To plot or not to plot

There is a big divide between authors who outline their novels and those who don’t and they both argue that theirs is the best way. In reality both camps have valid arguments for their method of approaching the art of story telling. Let’s say I am going to go beyond their arguments and suggest we talk about structure instead of outline.

Structure is essential for both fiction and non fiction work. This was illustrated by a recent client of mine who writes about healing. She had been posting on Facebook little snippets about her case studies and wanted to write a book to empower people to heal themselves without an intermediary and share with them her protocol. As soon as she talked about her project, I had a very clear idea of how to structure her book. It made sense to her and has made her writing her book easily as she now just slots her writing into a pre-existing structure. She says this tool had been invaluable.

A great way to find a structure for your non fiction book is to brainstorm all the ideas that you want to include. Jot them down on paper. Then, organise them. I find mind maps very useful. To see examples of mind maps, click here. If you have never used a mind map and want to get started, I suggest Tony Buzan’s book.

For fiction work, as mentioned above, the subject is more controversial. Some like to outline, some don’t.

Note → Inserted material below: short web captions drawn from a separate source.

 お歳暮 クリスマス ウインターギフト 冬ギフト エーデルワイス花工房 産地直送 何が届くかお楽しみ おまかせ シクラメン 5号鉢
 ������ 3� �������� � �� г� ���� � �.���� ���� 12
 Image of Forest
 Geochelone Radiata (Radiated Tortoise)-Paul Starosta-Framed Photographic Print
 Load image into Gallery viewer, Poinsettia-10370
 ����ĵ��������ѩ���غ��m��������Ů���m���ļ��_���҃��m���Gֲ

At first, from hearing about the outline camp, I thought I was not part of their tribe as they claim to work on their plots for two to three months before even starting to write their book. But after reflecting for a while, I realised the divide was an illusion. Every writer outlines their story even if it’s in their heads to some extent. Then some of them jot the ideas on a piece of paper whereas others formalise things more and go more in depth. For those who claim to properly outline their novels, who is to say that what they call an outline is not only one step away from someone else’s first draft.

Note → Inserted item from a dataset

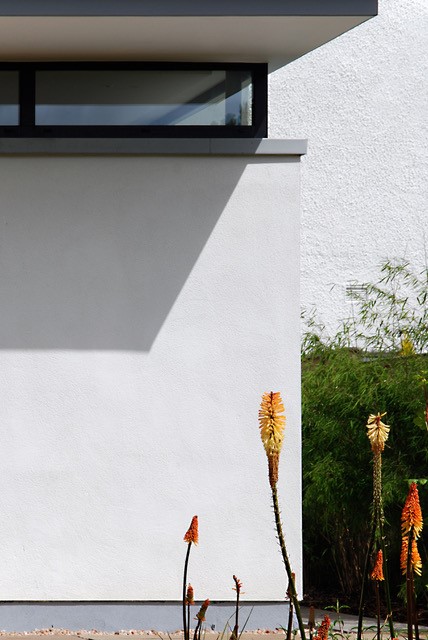 Polley Garden Designs Planting Plan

In view of the above, I have come to the conclusion that a little bit of planning can go a long way. It would be foolish to go on an adventure without any map at all, as after all, writing a book is about going from A to B. And some authors claim that the digressions are part of the journey. And to an extend they do, as long as they don’t lead to a dead end, or bore your reader. The difference is whether you take an ordinance map with the finest details or a more general map to give you an idea.

What I write about books is also true for blogs. A successful blog has a purpose, a direction. Some call it a “stake” and you find out the stake of your blog or project by asking yourself how would you like it to change the world.

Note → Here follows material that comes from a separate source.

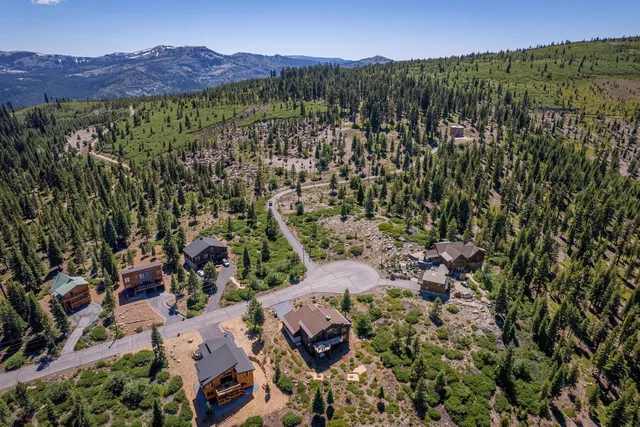 a view of a forest with a mountain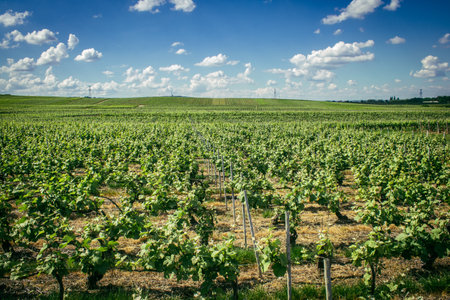 Reims, France, May 13, 2025. Champagne vineyards near Reims. Champagne wines are known worldwide and are unique because they only grow in this region of France. In spring, the leaves begin to grow.の写真素材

Most authors agree that whether or not you plot your book in advance, the biggest mistake is to rigidly stick to the map. The story or book (for non fiction) will evolve as you write because you will know the terrain. You will discover things that weren’t on the map. And mostly it will be people. Your characters, once they come to life, will want to interfere with your plan. As their personalities deepen, it impacts the story and creates twists that no writer could anticipate. and for non fiction authors, it might be a while angle that you had not anticipated ahead of writing. Stay flexible. Your work becomes an entity of its own nice you start writing it. Collaborate. Don’t resist.